# ASSIGNMENT:
In the entries that follow, the lines from the one with "Pool time madafakas" through the one with "Rule 34 | &gt;:d, 1girl, :d, armor, assault" are the ones to write out, exactly and with both ends included. Nothing else should appear.

# TASK DATA:
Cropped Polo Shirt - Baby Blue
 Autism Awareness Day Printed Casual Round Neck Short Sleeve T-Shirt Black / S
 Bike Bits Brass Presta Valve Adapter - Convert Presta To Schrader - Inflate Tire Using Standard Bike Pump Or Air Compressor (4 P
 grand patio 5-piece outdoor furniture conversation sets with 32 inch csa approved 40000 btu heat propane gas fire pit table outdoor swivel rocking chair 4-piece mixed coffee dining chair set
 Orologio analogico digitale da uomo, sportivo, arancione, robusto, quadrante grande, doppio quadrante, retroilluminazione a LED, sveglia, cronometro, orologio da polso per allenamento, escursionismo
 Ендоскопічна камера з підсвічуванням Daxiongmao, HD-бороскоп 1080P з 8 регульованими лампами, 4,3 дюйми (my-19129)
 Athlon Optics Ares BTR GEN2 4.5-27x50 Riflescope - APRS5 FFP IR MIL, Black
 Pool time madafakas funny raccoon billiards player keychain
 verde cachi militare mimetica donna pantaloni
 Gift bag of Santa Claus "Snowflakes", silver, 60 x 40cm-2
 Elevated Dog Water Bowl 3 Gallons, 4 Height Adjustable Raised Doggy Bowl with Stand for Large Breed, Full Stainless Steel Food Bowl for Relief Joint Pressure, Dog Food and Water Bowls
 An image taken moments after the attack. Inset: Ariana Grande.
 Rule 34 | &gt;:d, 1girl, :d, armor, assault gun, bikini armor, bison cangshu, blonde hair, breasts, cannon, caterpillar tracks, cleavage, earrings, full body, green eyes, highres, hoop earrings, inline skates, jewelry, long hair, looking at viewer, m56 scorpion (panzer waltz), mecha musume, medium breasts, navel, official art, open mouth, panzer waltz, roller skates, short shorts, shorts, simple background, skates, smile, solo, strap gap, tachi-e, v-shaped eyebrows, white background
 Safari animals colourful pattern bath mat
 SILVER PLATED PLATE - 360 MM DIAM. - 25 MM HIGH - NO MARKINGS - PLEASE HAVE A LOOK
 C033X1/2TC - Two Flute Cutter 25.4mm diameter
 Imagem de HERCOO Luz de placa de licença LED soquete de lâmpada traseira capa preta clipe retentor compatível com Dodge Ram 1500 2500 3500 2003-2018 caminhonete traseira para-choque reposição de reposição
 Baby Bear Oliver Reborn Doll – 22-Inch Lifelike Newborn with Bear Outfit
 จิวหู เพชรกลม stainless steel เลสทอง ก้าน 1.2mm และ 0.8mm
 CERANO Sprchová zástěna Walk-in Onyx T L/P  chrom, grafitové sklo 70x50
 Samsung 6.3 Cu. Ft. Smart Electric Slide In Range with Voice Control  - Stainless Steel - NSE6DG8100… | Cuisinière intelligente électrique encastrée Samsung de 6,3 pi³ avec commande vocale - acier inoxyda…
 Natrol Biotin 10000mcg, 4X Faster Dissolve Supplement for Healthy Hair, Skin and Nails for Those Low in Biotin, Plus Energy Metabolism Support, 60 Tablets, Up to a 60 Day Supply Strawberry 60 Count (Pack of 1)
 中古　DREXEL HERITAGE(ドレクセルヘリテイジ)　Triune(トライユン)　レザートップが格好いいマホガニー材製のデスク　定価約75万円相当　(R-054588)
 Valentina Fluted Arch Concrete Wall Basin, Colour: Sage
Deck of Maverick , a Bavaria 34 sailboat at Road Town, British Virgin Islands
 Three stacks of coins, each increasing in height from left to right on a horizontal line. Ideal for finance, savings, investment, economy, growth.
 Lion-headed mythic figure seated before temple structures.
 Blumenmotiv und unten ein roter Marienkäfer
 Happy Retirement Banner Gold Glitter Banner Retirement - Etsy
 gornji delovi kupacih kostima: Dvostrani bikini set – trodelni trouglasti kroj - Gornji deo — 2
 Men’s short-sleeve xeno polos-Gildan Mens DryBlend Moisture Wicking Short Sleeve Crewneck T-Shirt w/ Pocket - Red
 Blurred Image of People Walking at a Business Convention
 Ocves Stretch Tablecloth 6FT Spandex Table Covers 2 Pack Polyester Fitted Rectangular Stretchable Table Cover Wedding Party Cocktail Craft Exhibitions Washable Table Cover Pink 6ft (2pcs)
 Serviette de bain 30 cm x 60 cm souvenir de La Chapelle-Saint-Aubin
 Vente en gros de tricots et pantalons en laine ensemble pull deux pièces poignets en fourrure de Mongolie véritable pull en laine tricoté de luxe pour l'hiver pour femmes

# YOUR RESPONSE:
 Pool time madafakas funny raccoon billiards player keychain
 verde cachi militare mimetica donna pantaloni
 Gift bag of Santa Claus "Snowflakes", silver, 60 x 40cm-2
 Elevated Dog Water Bowl 3 Gallons, 4 Height Adjustable Raised Doggy Bowl with Stand for Large Breed, Full Stainless Steel Food Bowl for Relief Joint Pressure, Dog Food and Water Bowls
 An image taken moments after the attack. Inset: Ariana Grande.
 Rule 34 | &gt;:d, 1girl, :d, armor, assault gun, bikini armor, bison cangshu, blonde hair, breasts, cannon, caterpillar tracks, cleavage, earrings, full body, green eyes, highres, hoop earrings, inline skates, jewelry, long hair, looking at viewer, m56 scorpion (panzer waltz), mecha musume, medium breasts, navel, official art, open mouth, panzer waltz, roller skates, short shorts, shorts, simple background, skates, smile, solo, strap gap, tachi-e, v-shaped eyebrows, white background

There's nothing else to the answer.